In attesa di capire se Xi seguirà le orme paterne o meno, l'intellighenzia cinese procede con cautela, mentre oggi a tenere banco sull'Internet cinese e nel mondo accademico sono sopratutto Stato di diritto e Costituzionalismo, uno dei "sei concetti fondamentali" presenti nella Charta 08, manifesto sottoscritto il 10 dicembre 2008 da 303 intellettuali e attivisti tra i quali il Premio Nobel per la pace Liu Xiaobo. A causa della sua adesione al movimento, di cui è il primo firmatario, oggi Liu sta ancora scontando la pena di 11 anni di carcere con l'accusa di "incitamento alla sovversione del potere dello Stato".

Eppure, non saranno gli ambienti colti a dare filo da torcere ai "nuovi imperatori" saliti al potere solo pochi mesi fa a seguito di un decennale ricambio al vertice. Almeno non secondo Perry Link, professore emerito di studi sull'Asia Orientale all'Università di Princeton, nonché uno dei traduttori di Tian'anmen Papers, una selezione di controversi documenti segreti del Pcc sulle proteste dell''89.

"Due sono le differenze maggiori che intercorrono tra le proteste del 1989 e quelle di oggi" ha spiegato Link a Uno sguardo al femminile "nel 1989 le manifestazioni erano guidate da studenti universitari e dall'élite intellettuale.
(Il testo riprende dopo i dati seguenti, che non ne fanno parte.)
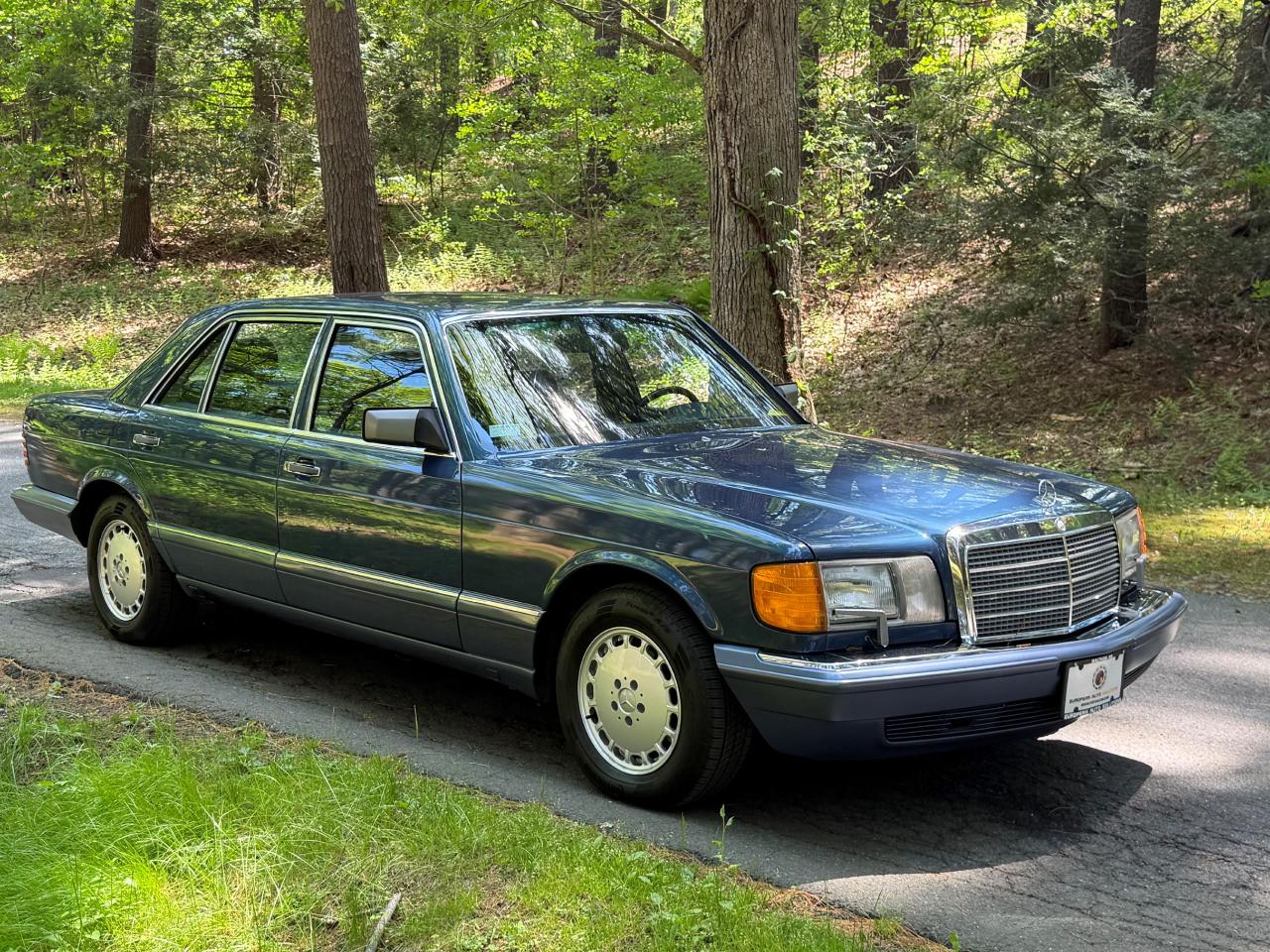 Mercedes-Benz 560 SEL sedan 1989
Oggi la spinta viene piuttosto dagli strati più bassi della gerarchia sociale, mentre studenti e letterati sono molto spesso alleati del regime. Anche se non tutti ovviamente. Secondo punto da considerare è senza dubbio il ruolo cruciale svolto dalla rete. Ai tempi della Tian'anmen l'unico modo per tenere degli incontri era recarsi di persona, con conseguente intervento della polizia qualora si trattasse di questioni sgradite al Partito. Adesso le  'cyber-assemblee' permettono di prendere parte alle riunioni senza bisogno di incontrarsi in prima persona. Questo rende molto più difficile il controllo da parte della polizia. Sebbene ci provi lo stesso, s'intende".